*Input data*:
..........

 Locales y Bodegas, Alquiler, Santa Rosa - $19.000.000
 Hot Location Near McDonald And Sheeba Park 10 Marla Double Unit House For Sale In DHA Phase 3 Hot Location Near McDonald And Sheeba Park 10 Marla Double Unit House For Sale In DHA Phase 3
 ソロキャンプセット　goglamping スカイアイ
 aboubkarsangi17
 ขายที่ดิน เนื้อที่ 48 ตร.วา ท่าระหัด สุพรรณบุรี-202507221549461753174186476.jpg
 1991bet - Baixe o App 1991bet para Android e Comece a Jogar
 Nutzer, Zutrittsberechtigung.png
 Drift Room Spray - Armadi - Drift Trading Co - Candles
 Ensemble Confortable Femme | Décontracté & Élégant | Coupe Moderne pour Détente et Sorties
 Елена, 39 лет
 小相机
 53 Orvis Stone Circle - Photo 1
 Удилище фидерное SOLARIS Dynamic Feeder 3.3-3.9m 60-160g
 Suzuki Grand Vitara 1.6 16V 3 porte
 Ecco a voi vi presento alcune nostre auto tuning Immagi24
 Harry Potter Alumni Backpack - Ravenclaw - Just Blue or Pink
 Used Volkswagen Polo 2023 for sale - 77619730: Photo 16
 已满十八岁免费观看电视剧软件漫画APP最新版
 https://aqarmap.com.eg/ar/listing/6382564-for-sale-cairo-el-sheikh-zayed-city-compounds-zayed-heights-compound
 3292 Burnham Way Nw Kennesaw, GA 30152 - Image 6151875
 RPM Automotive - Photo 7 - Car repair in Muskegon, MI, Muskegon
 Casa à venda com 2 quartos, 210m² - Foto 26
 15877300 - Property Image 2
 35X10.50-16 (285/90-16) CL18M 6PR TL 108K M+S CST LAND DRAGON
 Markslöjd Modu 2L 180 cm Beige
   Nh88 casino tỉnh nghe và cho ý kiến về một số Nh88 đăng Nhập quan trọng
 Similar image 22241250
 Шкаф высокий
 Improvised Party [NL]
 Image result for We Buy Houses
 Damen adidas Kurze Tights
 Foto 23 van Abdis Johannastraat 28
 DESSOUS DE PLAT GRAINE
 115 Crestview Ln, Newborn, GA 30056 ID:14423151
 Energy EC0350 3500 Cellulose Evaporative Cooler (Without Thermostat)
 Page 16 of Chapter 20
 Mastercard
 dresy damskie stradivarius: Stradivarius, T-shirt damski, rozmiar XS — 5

..........

*Task directions*: Give the data again, exactly.

*Output below*:
 Locales y Bodegas, Alquiler, Santa Rosa - $19.000.000
 Hot Location Near McDonald And Sheeba Park 10 Marla Double Unit House For Sale In DHA Phase 3 Hot Location Near McDonald And Sheeba Park 10 Marla Double Unit House For Sale In DHA Phase 3
 ソロキャンプセット　goglamping スカイアイ
 aboubkarsangi17
 ขายที่ดิน เนื้อที่ 48 ตร.วา ท่าระหัด สุพรรณบุรี-202507221549461753174186476.jpg
 1991bet - Baixe o App 1991bet para Android e Comece a Jogar
 Nutzer, Zutrittsberechtigung.png
 Drift Room Spray - Armadi - Drift Trading Co - Candles
 Ensemble Confortable Femme | Décontracté & Élégant | Coupe Moderne pour Détente et Sorties
 Елена, 39 лет
 小相机
 53 Orvis Stone Circle - Photo 1
 Удилище фидерное SOLARIS Dynamic Feeder 3.3-3.9m 60-160g
 Suzuki Grand Vitara 1.6 16V 3 porte
 Ecco a voi vi presento alcune nostre auto tuning Immagi24
 Harry Potter Alumni Backpack - Ravenclaw - Just Blue or Pink
 Used Volkswagen Polo 2023 for sale - 77619730: Photo 16
 已满十八岁免费观看电视剧软件漫画APP最新版
 https://aqarmap.com.eg/ar/listing/6382564-for-sale-cairo-el-sheikh-zayed-city-compounds-zayed-heights-compound
 3292 Burnham Way Nw Kennesaw, GA 30152 - Image 6151875
 RPM Automotive - Photo 7 - Car repair in Muskegon, MI, Muskegon
 Casa à venda com 2 quartos, 210m² - Foto 26
 15877300 - Property Image 2
 35X10.50-16 (285/90-16) CL18M 6PR TL 108K M+S CST LAND DRAGON
 Markslöjd Modu 2L 180 cm Beige
   Nh88 casino tỉnh nghe và cho ý kiến về một số Nh88 đăng Nhập quan trọng
 Similar image 22241250
 Шкаф высокий
 Improvised Party [NL]
 Image result for We Buy Houses
 Damen adidas Kurze Tights
 Foto 23 van Abdis Johannastraat 28
 DESSOUS DE PLAT GRAINE
 115 Crestview Ln, Newborn, GA 30056 ID:14423151
 Energy EC0350 3500 Cellulose Evaporative Cooler (Without Thermostat)
 Page 16 of Chapter 20
 Mastercard
 dresy damskie stradivarius: Stradivarius, T-shirt damski, rozmiar XS — 5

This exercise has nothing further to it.